In his Will Gabriel names his two sons as executors. His goods and estate, which appears to have included some tenancies and freehold property in Essex, were to be equally divided between his wife and two sons only after a provision of £132 each had first been deducted and paid to his five step children (Elizabeth, Mary, Sarah, Henry and Edward). These were Thomasin’s children by her first husband, named in the Will as Edward Matty. It appears that when Gabriell married Thomasin Matty in 1650/1 he also inherited her former husband’s estate. In his Will Gabriell ensured that the residue of this inheritance was to be bequested to Edward’s children. 

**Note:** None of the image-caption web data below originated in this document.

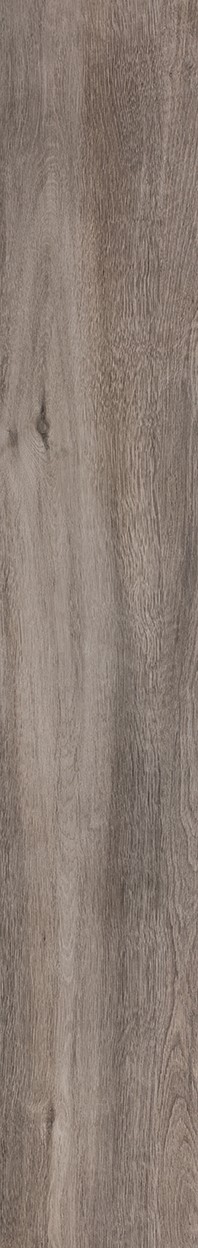 Купить Cerrad Gres Mattina Grigio Rect. R11 120,2x19,3 
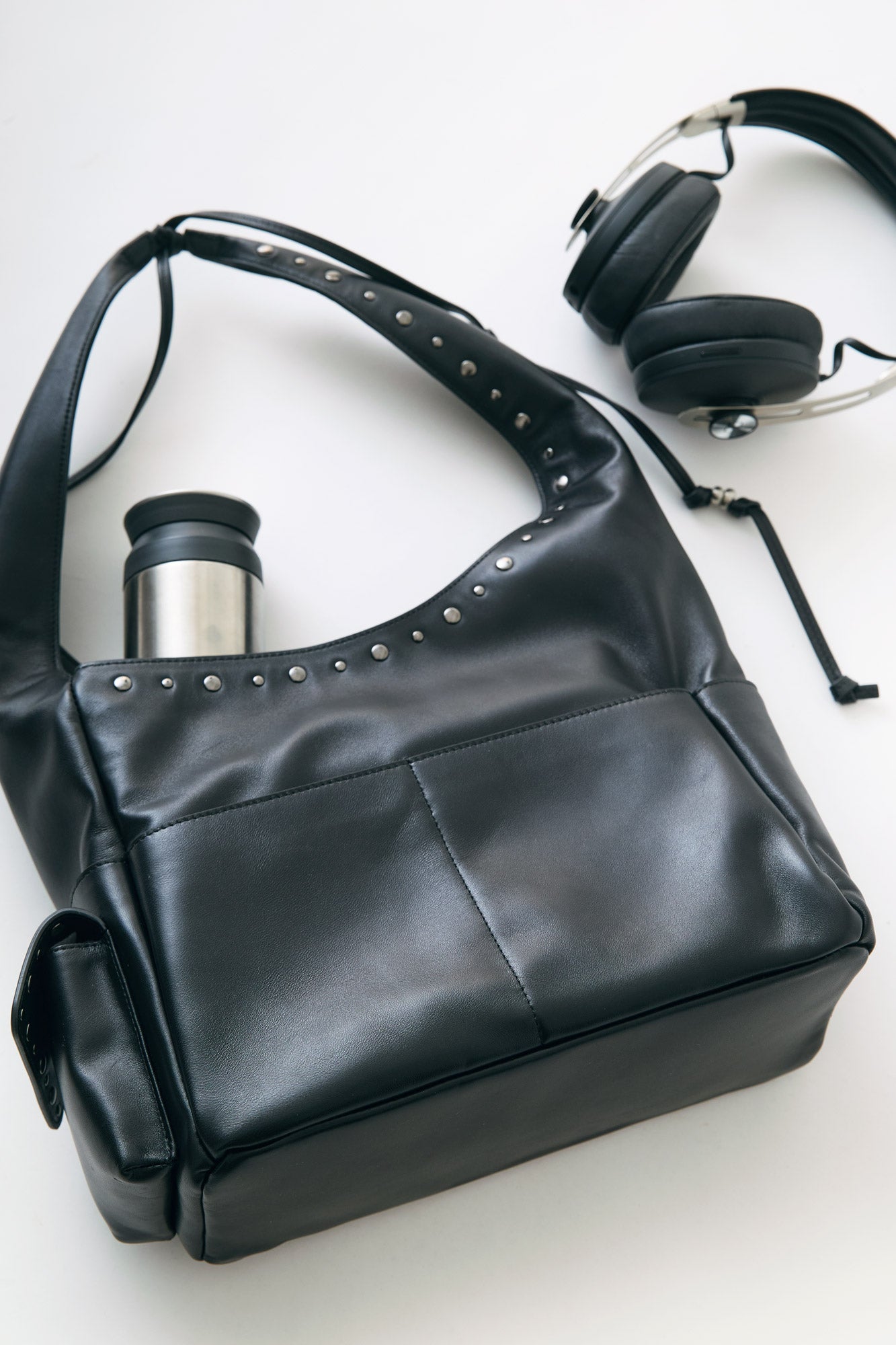 Freckle bag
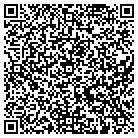 QR code with Stillwell Maint & Auto Repr contacts
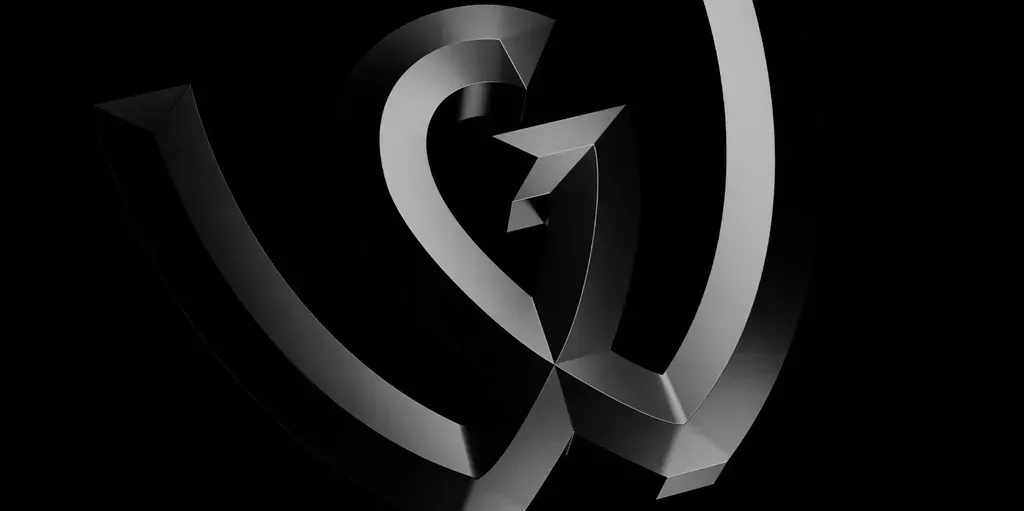 Wielton Group Targets EUR 1.5 Billion Revenue by 2027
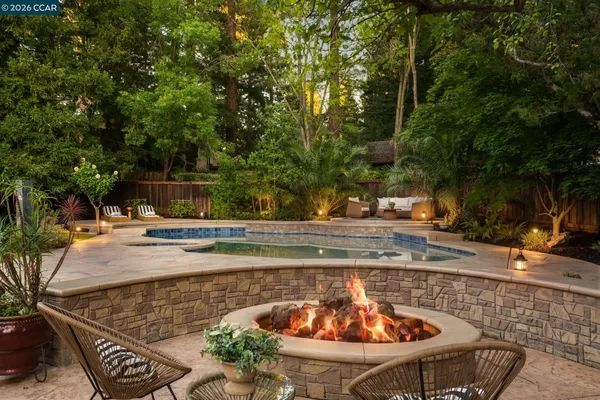 $3,100,000 | 209 Still Creek Road, Danville, CA 94506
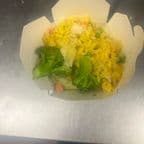 Best 22. Vegetable Fried Rice 菜炒饭 in Brooklyn, NY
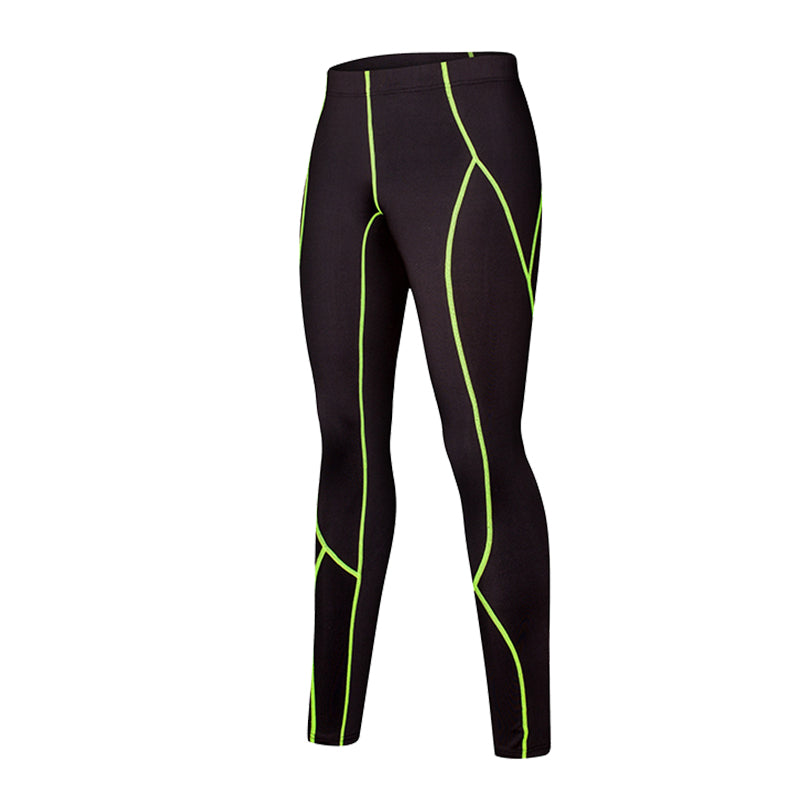 Base Layer Tights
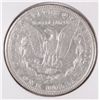 Image 2 : 1901 MORGAN DOLLAR AU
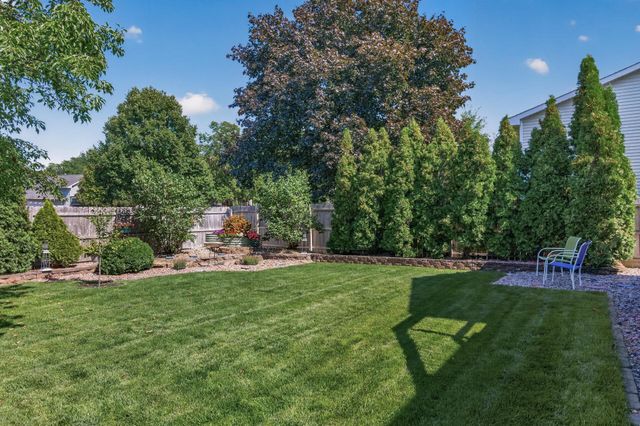 7224 96th Street S, Cottage Grove, MN 55016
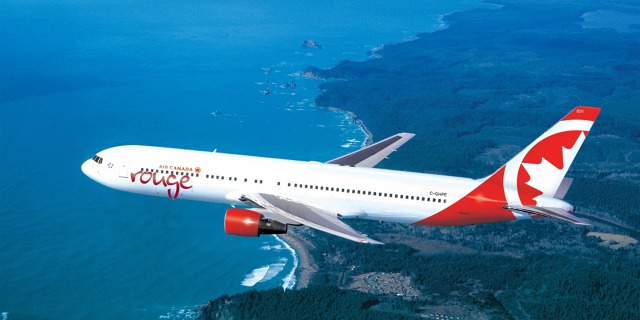 air_canada_rouge_b767-300er_foto_2_(1280x1006).jpg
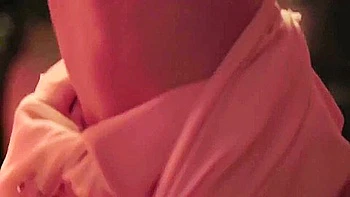 Tylers Princess Treatment Video With Tyler Nixon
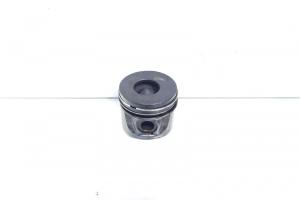 Piston, Ford Focus 1, 1.8 TDDI, C9DB (id:591800) din dezmembrari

Exactly when Gabriell Marden died is unclear as no burial record has yet been identified for him. A probate note added in Latin into the bottom margin of his Will confirms that it wasn’t administered until 1665. Given the current evidence it is only possible to confirm that Gabriell died sometime after mid November 1662 but before the end of 1665. It is the writer’s opinion that a date closer to the start of this period is most likely.

 

References:

  1.  Thompson, R.H. & Dickinson, M.J. – Sylloge of Coins of the British Isles – Volume 62 (The Norweb Collection) – Tokens of the British Isles 1575 – 1750. Part VIII – Middlesex and Uncertain Pieces. (London, 2011).

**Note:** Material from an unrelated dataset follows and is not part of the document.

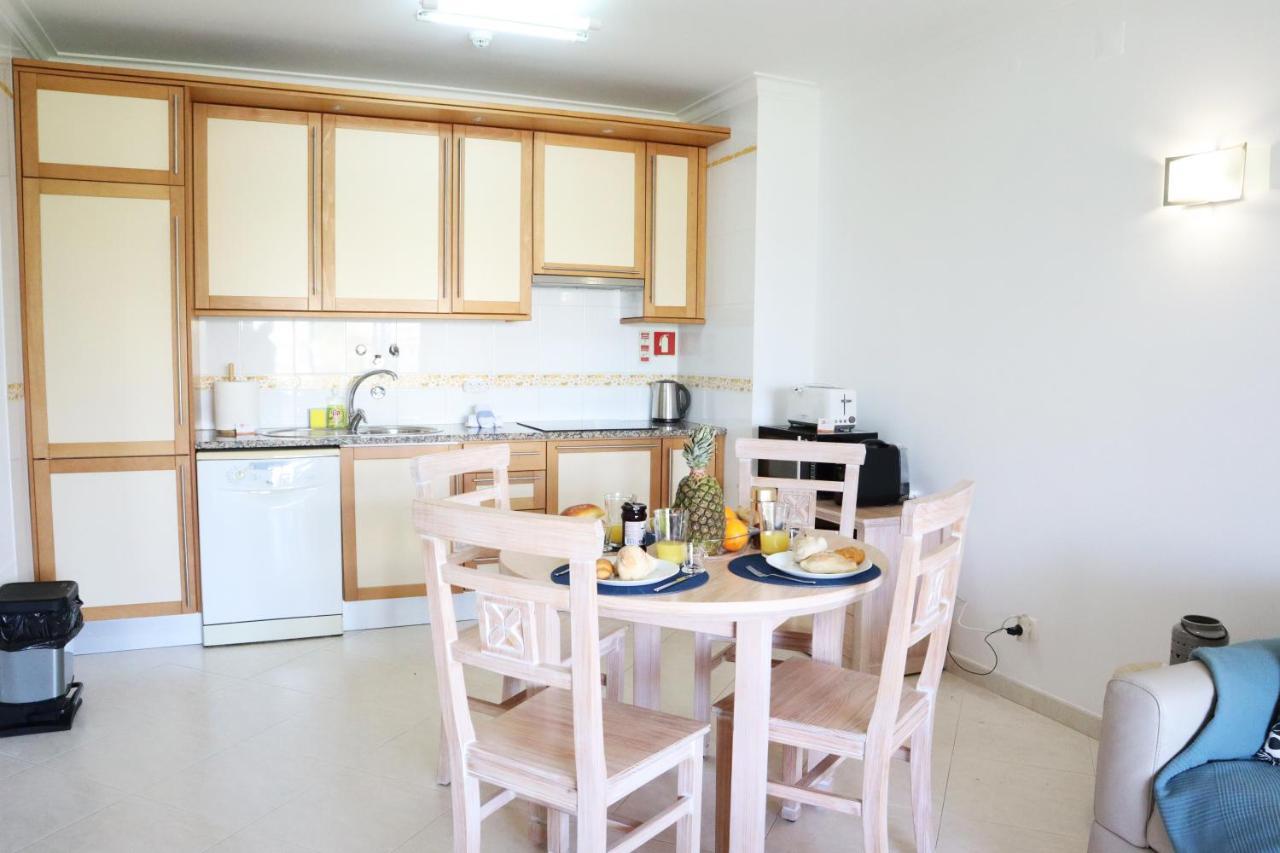 Apartamento Tupi Nest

  2. Brushfield, T.N. – Raleghana. Part V. The History of Durham House. Transactions of the Devonshire Association for the Advancement of Science, Literature and Art. Volume XXXV. 1903.

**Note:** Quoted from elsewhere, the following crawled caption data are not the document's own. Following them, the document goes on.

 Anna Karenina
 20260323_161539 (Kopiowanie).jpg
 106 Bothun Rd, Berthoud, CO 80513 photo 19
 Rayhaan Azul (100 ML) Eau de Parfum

  3. Strype, J. – A Survey of the Cities of London and Westminster: Containing the Original, Antiquity, Increase, Modern Estate and Government of those Cities. – Corrected, Improved, and very much Enlarged Edition. (London, 1720).
  4. Latham, R.C. – The Diary of Samuel Pepys: Volume IX – 1668-9 (Harper Collins, 2010).
  5. Keene, D.J. and Harding, V. – Historical gazetteer of London before the Great Fire: Cheapside; parishes of All Hallows Honey Lane, St Martin Pomary, St Mary le Bow, St Mary Colechurch and St Pancras Soper Lane. 1987.
  6. Whitebrook, J.C. and Whitebrook, W. – London Citizens in 1651, Being a Transcription of Harleian MS. 4778.
  7. Westminster Rate Book 1634-1900 Transcriptions. Highway Rate 1663 Poor Rate Ledger 1658-1663 Overseers’ Accounts 1658-1659. Entry for Gabriell Marden of Durham Yard, 1658. Assessed via http://www.findmypast.co.uk. 
  8. PROB/11/309. National Archives (London).